The first requirement calls for a rigid definition of secrecy. This includes specifying the type of adversaries one is dealing with and the information that one accepts to leak. Here, we consider adversaries who have access to the secretized graph and can observe query executions over time, i.e., the encrypted queries issued and their encrypted results. Our secrecy notion explicitly states all possible leakages which could result from our specified adversary. We prove that, given a secretized graph, an adversary cannot learn any useful information about the original graph beyond the leakage stated. Since existing secrecy notions consider different secrecy guarantees and deal with different types of adversaries, we propose a new one, i.e., formalize the notion just sketched. Related secrecy notions also deal with different types of adversaries. Notions such as the ones presented by Fan et al. [10] and Zhang et al. [43] offer guarantees against chosen- plaintext attacks and known plaintext attacks, respectively. In our scenario, these guarantees are not enough. This is because the edges of the graph can also reveal information. Wang and Lakshmanan [39] define a secrecy notion for XML documents. It is based on the definition of perfect secrecy. Their secrecy notion considers adversaries who have access to (1) the secretized XML documents and (2) some metadata needed to perform queries. We additionally assume that the adversary can observe query executions over time.

Secure database storage has been widely studied.
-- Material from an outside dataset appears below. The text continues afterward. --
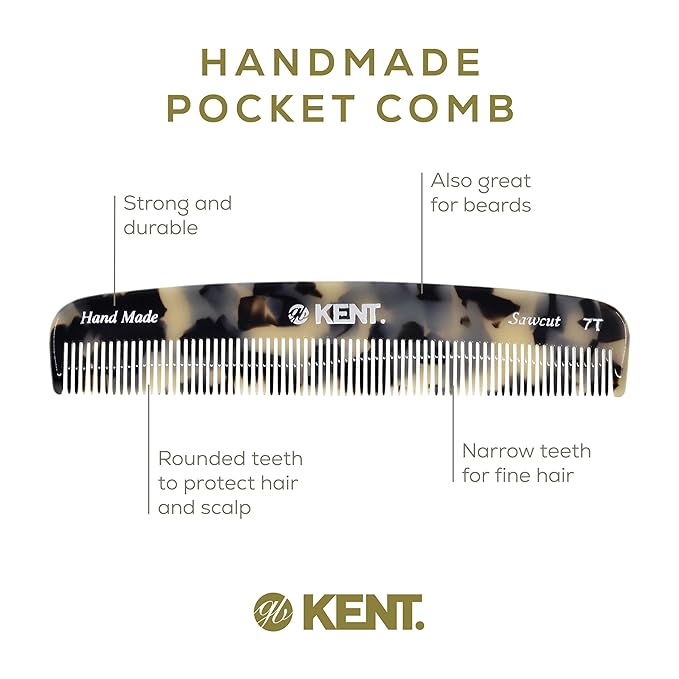 Kent 7T TW Handmade All Fine Tooth Pocket Comb for Men, Hair Comb Straightener for Everyday Grooming Styling Hair, Mustache and Beard, Use Dry or with Balms, Saw Cut and Hand Polished, Made in England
However, existing techniques such as Hore et al. [18], Aggarwal et al. [1] either cannot be applied to graph-structured data [18], or they do not cover both requirements R1 and R2 [1]. Approaches for graph-structured data such as Syalim et al. [37] do not keep the information of the entire graph. Next, they cannot answer certain queries, such as neighbor and adjacency queries. These two types of queries are essential needs when working with graphs [28]. Other approaches like [1, 16, 18] could exhibit unwanted behavior when being adapted to graph-structured data, e.g., leak information, see Sect. 2. Next, none of these approaches features a model of the costs of query processing that considers relevant characteristics of the graph.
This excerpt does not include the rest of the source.